◆ **Your task**
A faithful copy of the data, pictures omitted, is the required answer.

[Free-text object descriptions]
+---+

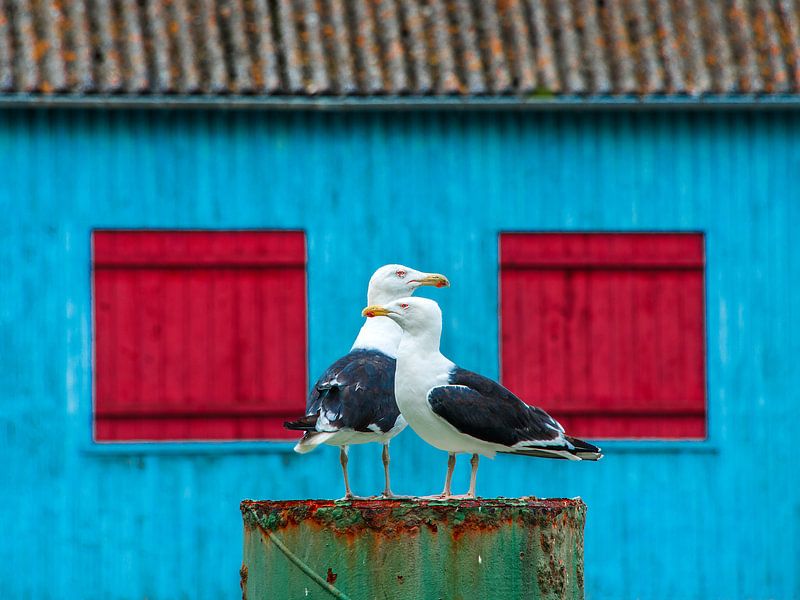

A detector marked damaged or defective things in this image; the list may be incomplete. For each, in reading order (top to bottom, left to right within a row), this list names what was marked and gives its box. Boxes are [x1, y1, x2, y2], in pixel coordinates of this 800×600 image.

rusty roof [0, 0, 796, 102]
rusty metal post [241, 496, 584, 600]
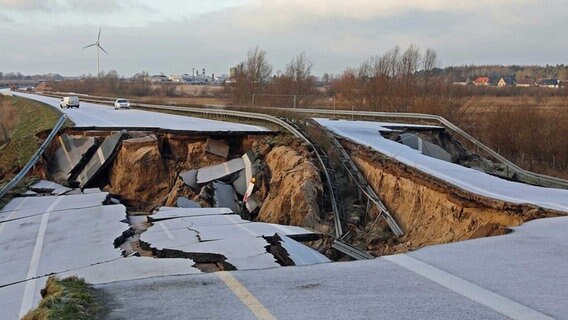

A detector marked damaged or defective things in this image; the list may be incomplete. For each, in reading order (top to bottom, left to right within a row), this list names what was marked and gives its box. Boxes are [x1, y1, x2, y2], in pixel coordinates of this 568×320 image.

bent guardrail [0, 114, 68, 199]
broken concrete slab [51, 133, 96, 182]
broken concrete slab [75, 131, 127, 189]
broken concrete slab [182, 169, 202, 191]
broken concrete slab [205, 138, 230, 158]
broken concrete slab [195, 158, 244, 184]
broken concrete slab [213, 182, 240, 212]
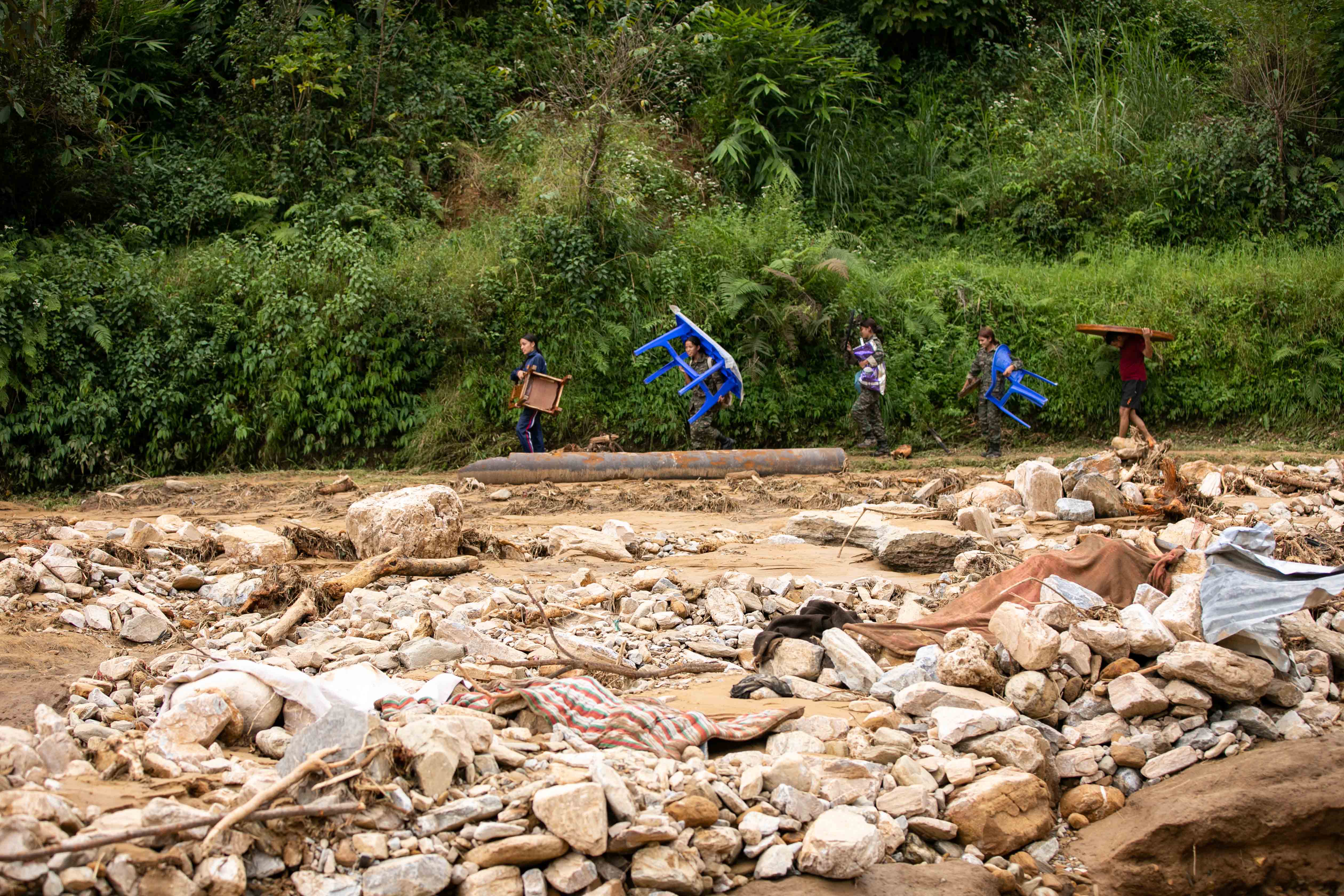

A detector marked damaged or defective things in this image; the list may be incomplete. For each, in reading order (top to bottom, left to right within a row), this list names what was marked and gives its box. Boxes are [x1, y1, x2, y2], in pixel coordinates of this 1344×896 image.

flood-damaged ground [0, 442, 1340, 896]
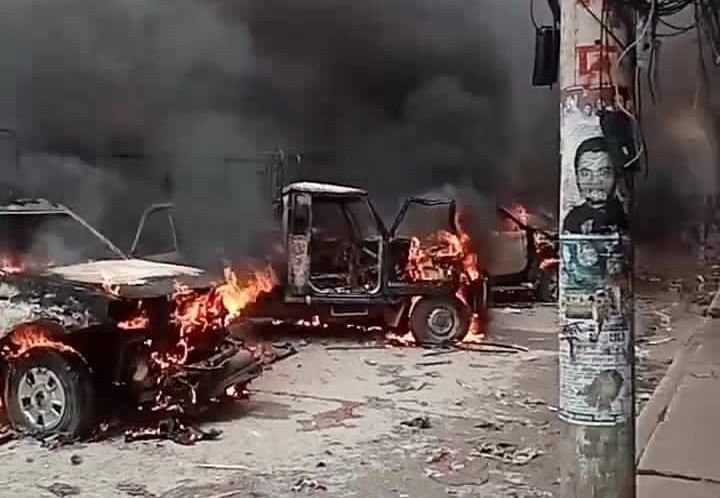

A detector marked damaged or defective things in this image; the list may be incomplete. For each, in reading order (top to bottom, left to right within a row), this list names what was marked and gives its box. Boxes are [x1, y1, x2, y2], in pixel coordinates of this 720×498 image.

destroyed car [0, 197, 262, 436]
destroyed car [239, 181, 486, 344]
destroyed car [486, 205, 560, 302]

+---+

◆ **Your response**
A detector marked damaged or defective things in this image; the list may be incomplete. For each, in reading order (top to bottom, left to right within a row), this list names what was marked and gives its box. Boxes are [x1, y1, x2, y2], in pixel coordinates of this 800×600 image.

rusty roof [0, 0, 796, 102]
rusty metal post [241, 496, 584, 600]

A detector marked damaged or defective things in this image; the list may be incomplete. For each, in reading order (top to bottom, left to right within a row), this list names what was marked and gives its box. Boxes are [x1, y1, x2, y2], in pixel coordinates of this 568×320 image.

bent guardrail [0, 114, 68, 199]
broken concrete slab [51, 133, 96, 182]
broken concrete slab [75, 131, 127, 189]
broken concrete slab [182, 169, 202, 191]
broken concrete slab [205, 138, 230, 158]
broken concrete slab [195, 158, 244, 184]
broken concrete slab [213, 182, 240, 212]

A detector marked damaged or defective things in this image; the list may be incomplete. For each, in reading order (top to bottom, left to right within a row), this list names what was marked and gives its box. Boxes are [x1, y1, x2, y2], in pixel coordinates of this 1344×896 image.

flood-damaged ground [0, 442, 1340, 896]

A detector marked damaged or defective things in this image; the list may be incomplete. For each, in reading order (top to bottom, left to right within a row), this list names what was marked and gives its box. Boxes are [x1, y1, x2, y2], in pixel coordinates of this 720×498 image.

destroyed car [0, 197, 262, 436]
destroyed car [239, 181, 486, 344]
destroyed car [486, 205, 560, 302]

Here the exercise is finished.